AIM OF THE TASK:
Find the line that holds "在线平台买球:世界杯观赛新体验" in the material below. Output that line and each one after it exactly, but not the pictures.

DATA FOR THIS TASK:

= = = = = = =

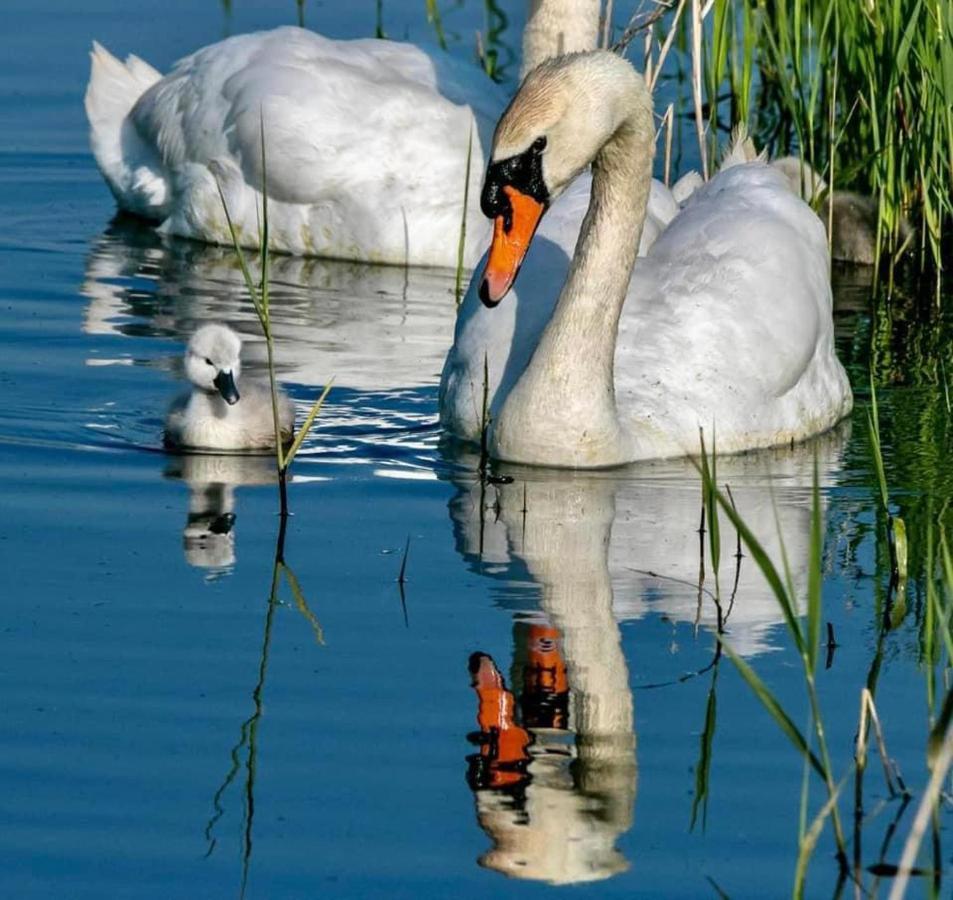 Whitstable Serenity Екстер'єр фото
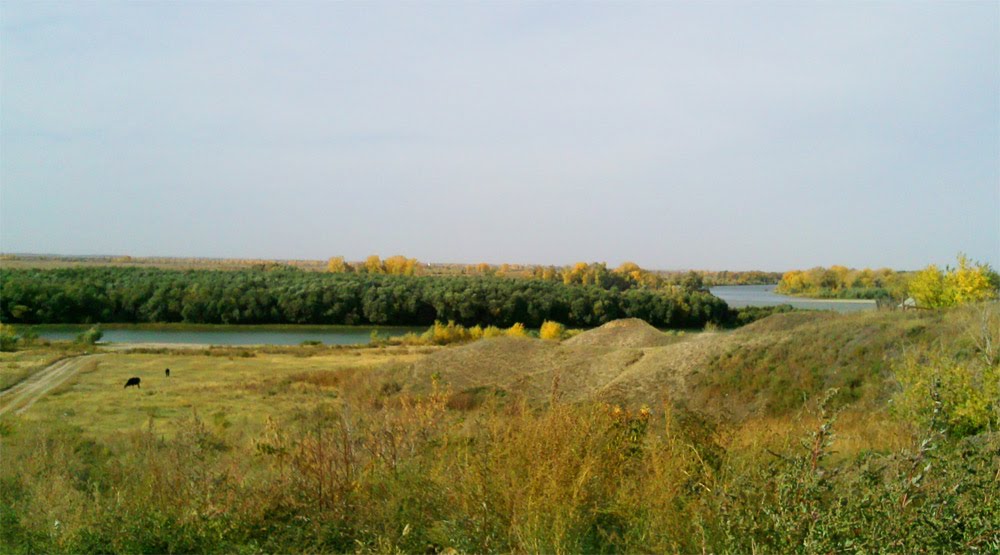 Черлакская пойма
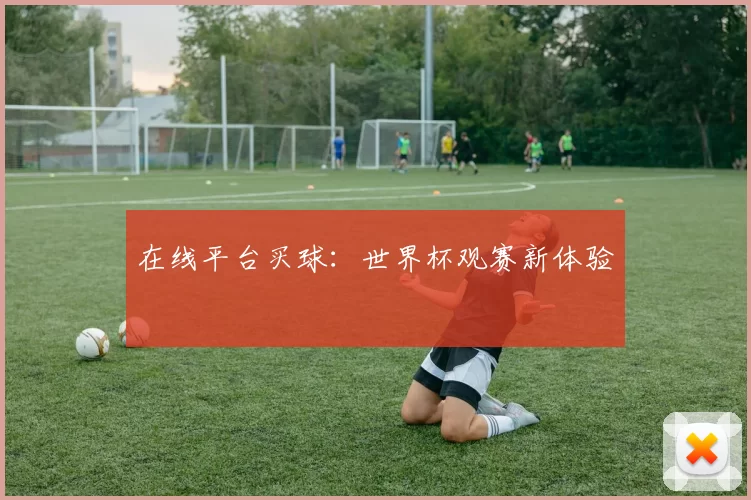 在线平台买球:世界杯观赛新体验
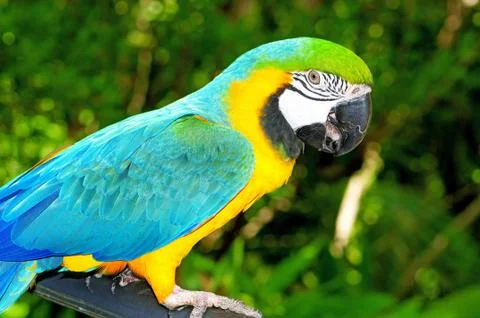 Colourful parrot bird sitting on the perch Stockfoto's
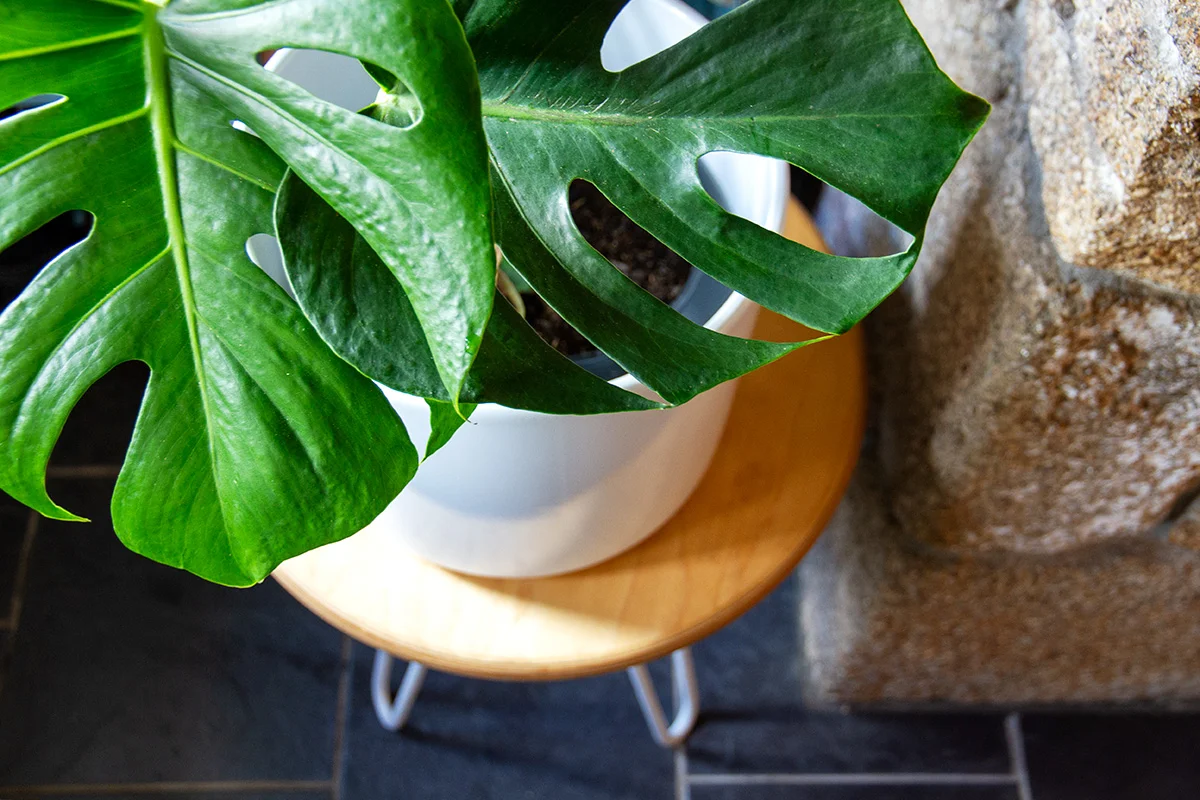 Cord_Industries_hairpin_leg_sidetable_slate_floor_monstera_web.jpg
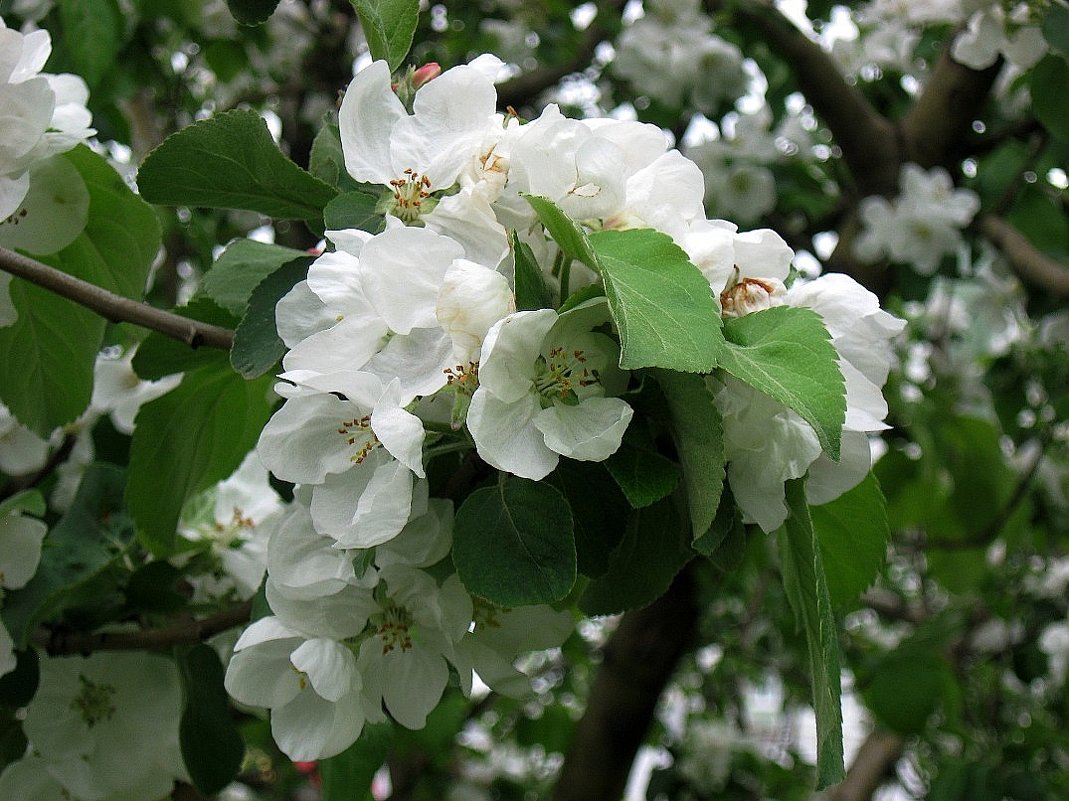 Яблони в цвету - Natali 
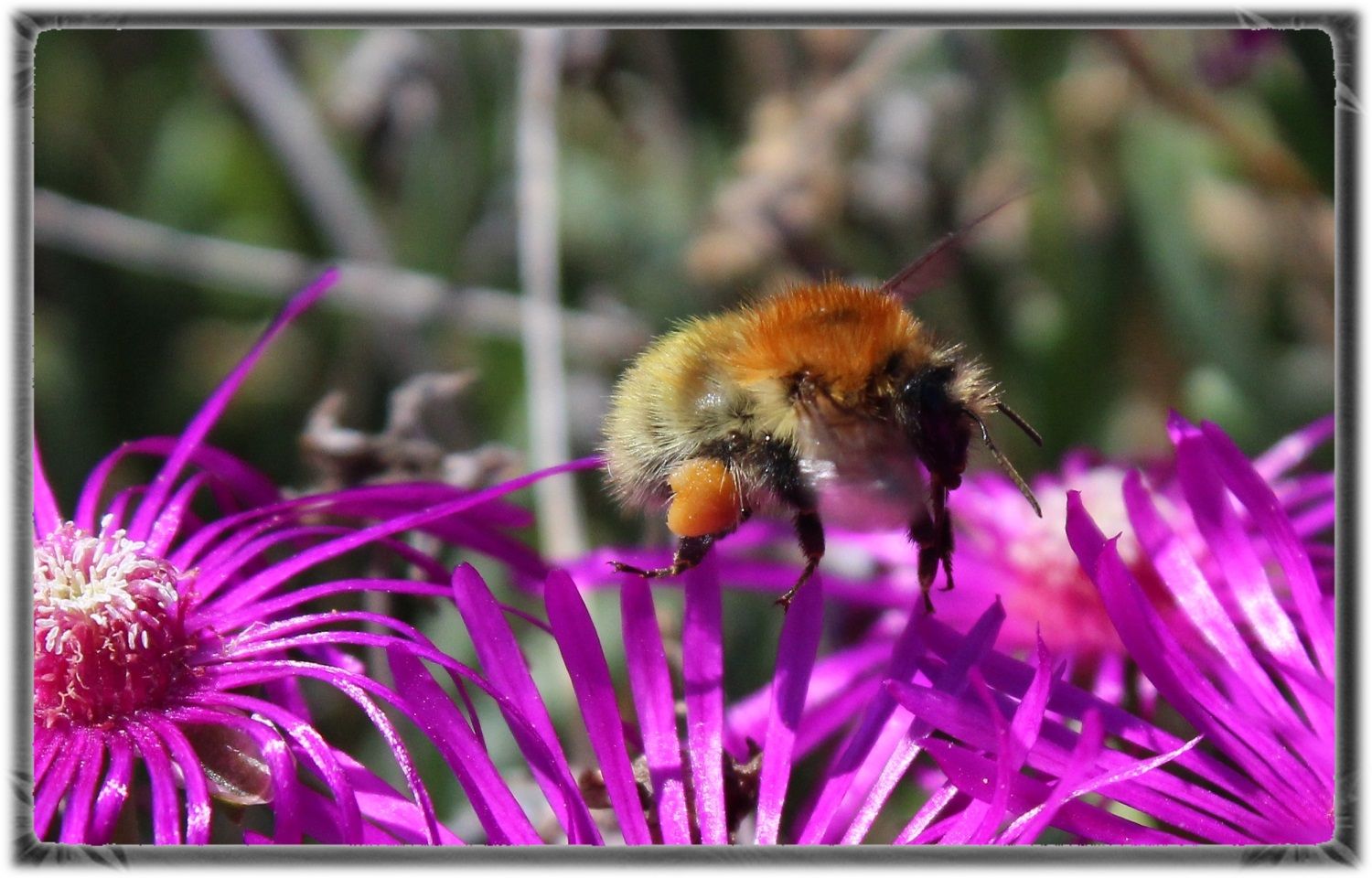 Abeille charpentière+autres insectes et animaux(photos,textes) B9599881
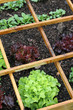potager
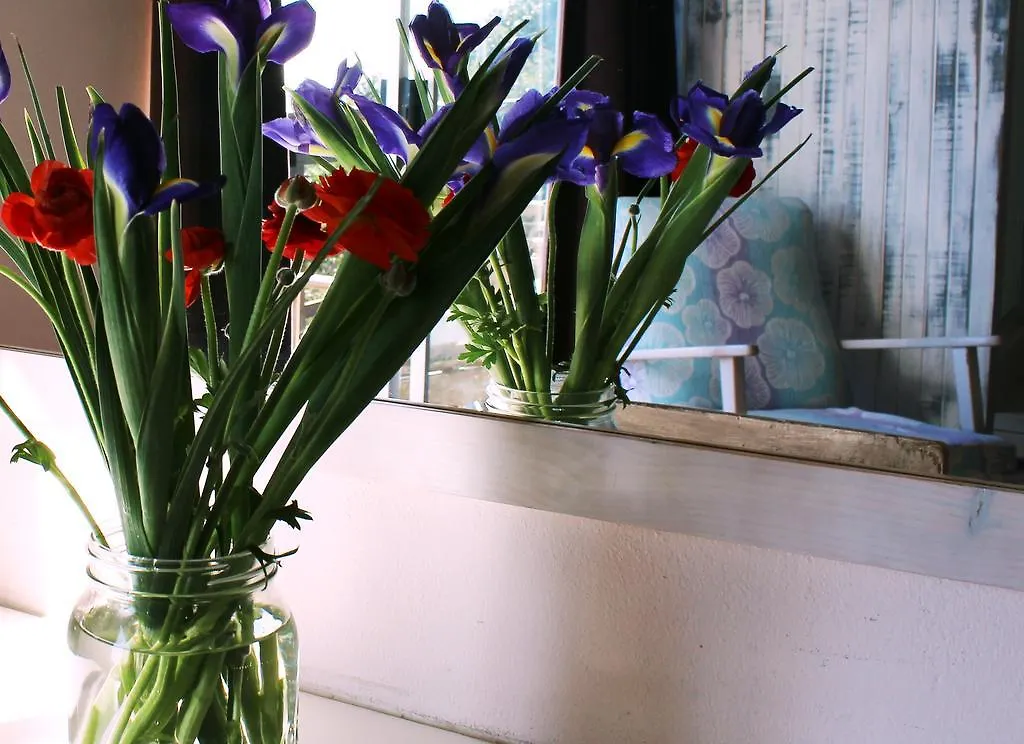 Bluebottle Guesthouse Muizenberg 3*,  Afrique du Sud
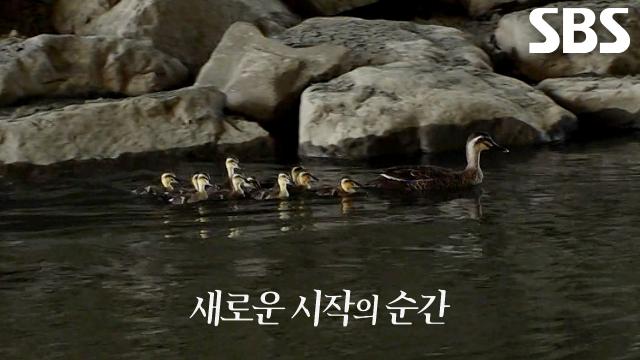오리 가족의 새 보금자리 위한 이소 대작전★ (ft. 아름다운 이별)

= = = = = = =

EXERCISE RESPONSE:
 在线平台买球:世界杯观赛新体验
 Colourful parrot bird sitting on the perch Stockfoto's
 Cord_Industries_hairpin_leg_sidetable_slate_floor_monstera_web.jpg
 Яблони в цвету - Natali 
 Abeille charpentière+autres insectes et animaux(photos,textes) B9599881
potager
 Bluebottle Guesthouse Muizenberg 3*,  Afrique du Sud
오리 가족의 새 보금자리 위한 이소 대작전★ (ft. 아름다운 이별)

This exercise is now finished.